The Young Poisoner's Handbook


Deny it all you want, but films about psychopaths and serial killers can be quite, well, interesting. Take Graham Young for example. Played by Hugh O'Conor as a downtrodden, spiteful nerd genius, Young was the product of a dysfunctional family and a chemistry whiz. If only, as my mother says, he had used his talents for good instead of evil.

     The Young Poisoner's Handbook, the 1995 debut full-length feature by British director Benjamin Ross, follows the "Teacup Killer" Young from the age of fourteen into his early adulthood. And what a fascinating character he is.

   All but incapable of identifying with the suffering of others, Young was both a racist and a psychopath. Later in his life, he laments that things turned out "all wrong" for him. As a boy, he poisons his none-too-bright schoolmate Mick (Jack Deam's) ham sandwich and makes him violently ill and takes over Mick's date.

   There are many good ironic and blackly comic moments in this otherwise dark and morbidly intriguing crime drama. The writer never tries too hard, which is the key. Hugh O'Conor was in a another, inferior film with dark comedy elements, Botched, which applied an over-the-top villain and manic pacing in order to achieve laughs.

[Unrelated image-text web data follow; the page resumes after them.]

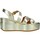 Sapatos Mulher Sandálias Luciano Barachini GL123E Ouro
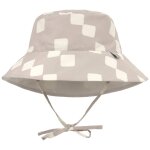 Chapeau r�versible anti - uv bou�e (3 - 6 mois) beige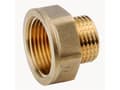 Miniatyrbilde 1 av 2: Ferro Messing reduksjon 1/2x3/8" RN02Z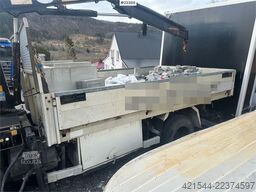 MAN 8.150 crane truck w/ 3-way tipper on the body. WAT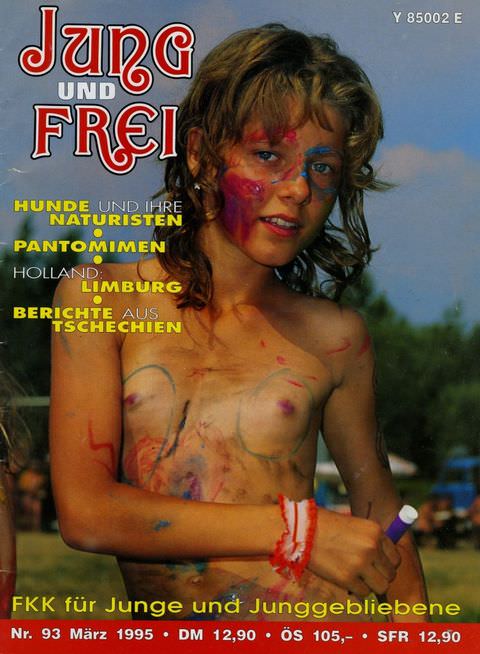 Jung und Frei Nr.93 - nudism family retro magazine [Nudist Planet]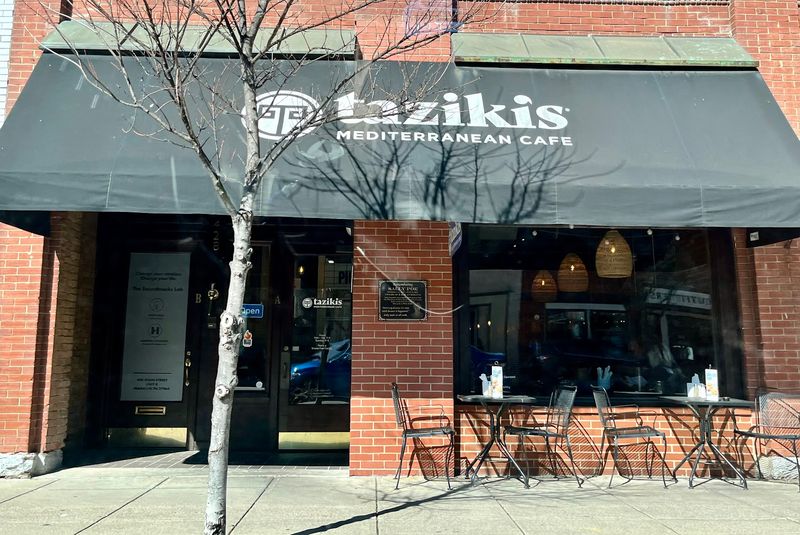 Taziki's Mediterranean Cafe — Franklin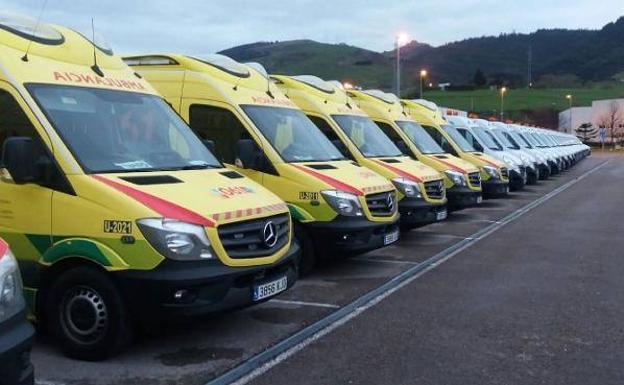 Desconvocada la huelga del servicio de ambulancias tras cobrar los trabajadores la paga de Navidad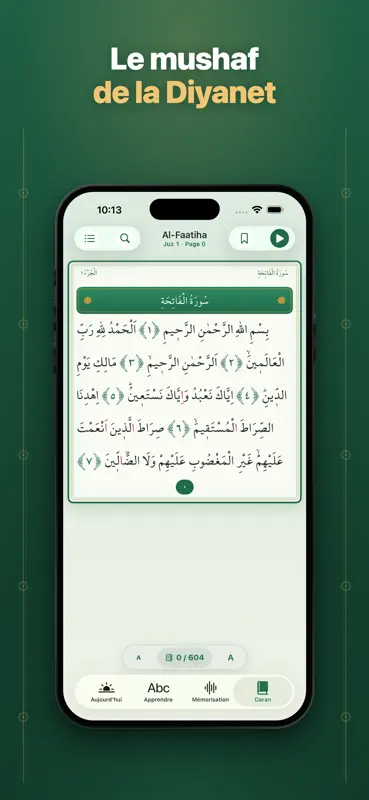Apprendre le Coran: Tajwid screenshot 4 of 9
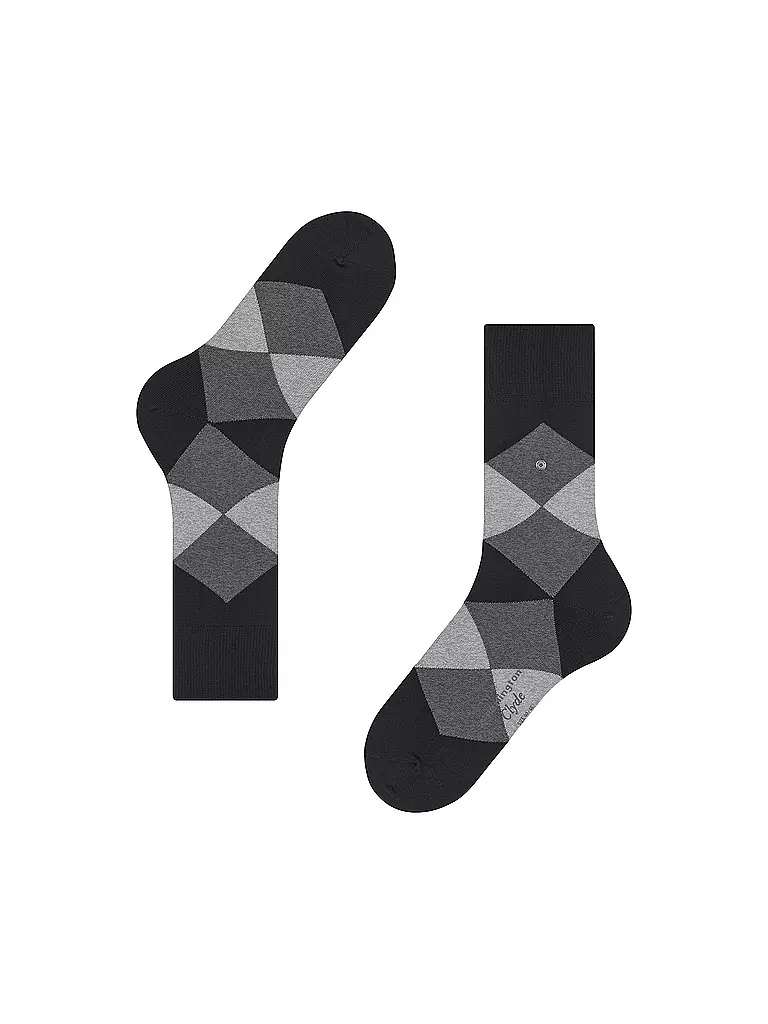 BURLINGTON Herren Socken CLYDE 40-46 black schwarz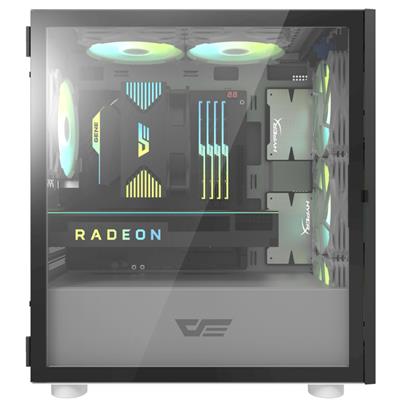 DLM21 Mesh MATX PC Case
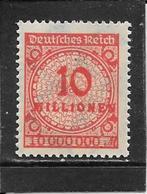 Duitse Rijk cijferzegel, Verzenden, Duitse Keizerrijk, Postfris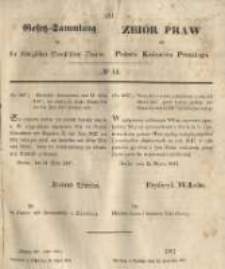 Gesetz-Sammlung für die Königlichen Preussischen Staaten. 1847.04.12 No14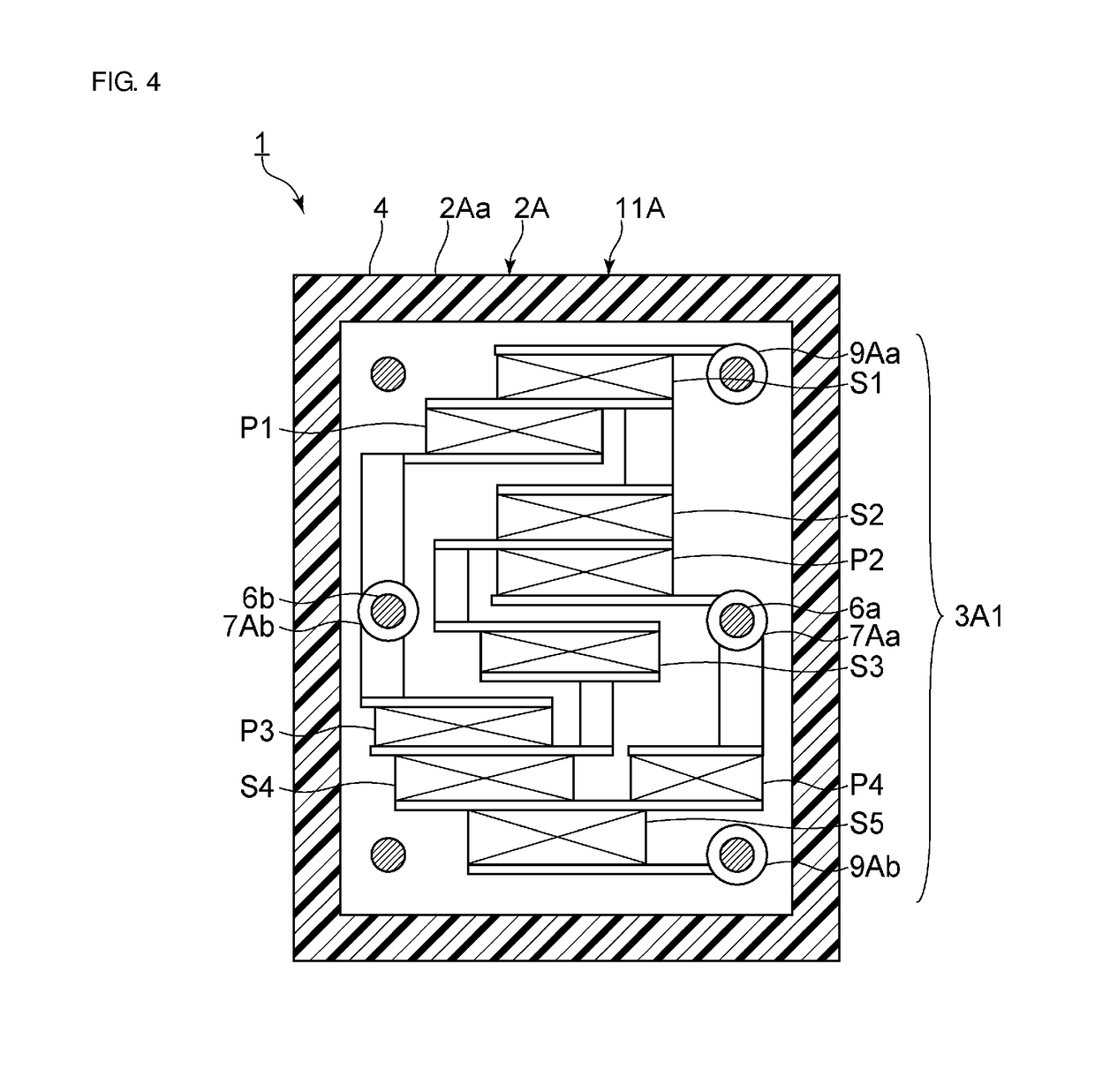 Elastic wave device and elastic wave module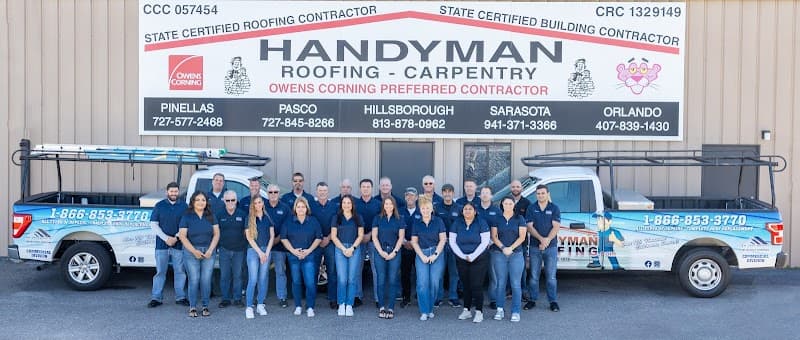 Handyman Roofing - Residential Roofing in Clearwater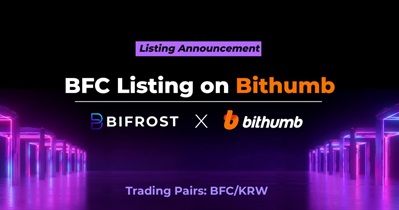 Listing on Bithumb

     Take the date between Young and Sue (Samantha Edmonds), a girl who works in the London library, for instance. The scene where they pick up his fallen books is set up like a conventional romance, with them awkwardly meeting each other's eyes and Sue initiating a date.

    Then it knocks any "romantic" vibe on it's head, as Graham becomes increasingly inappropriate and morbid, soon bringing the date to an abrupt end. This isn't just teenage awkwardness. Something is just not going to the top floor.

   Hugh O'Conor is quite good, although he doesn't reach the brilliance as a sociopath of Noah Taylor in Simon Rumley's Red, White,& Blue. He is manipulative, wide-eyed, and sometimes strangely likable, and I can think of only one scene where his performance halted.

   I like the film's decision to meld disturbing and funny, like Tarantino, but without the constant f-bombs and gun play. Dated and oddly festive music is used, in order to provide irony and capture the flavor of 20th-century London. (The film starts out in the 1960's.) There are obvious picks about psychotics and anti-social behavior (The Silence of the Lambs, Taxi Driver, and The Shining to name a few.) And that's all well and good, but then there are movies like these, ripe for rediscovery. For the viewing of films isn't all about watching what your friends have watched, but rather, paving the way for new choices.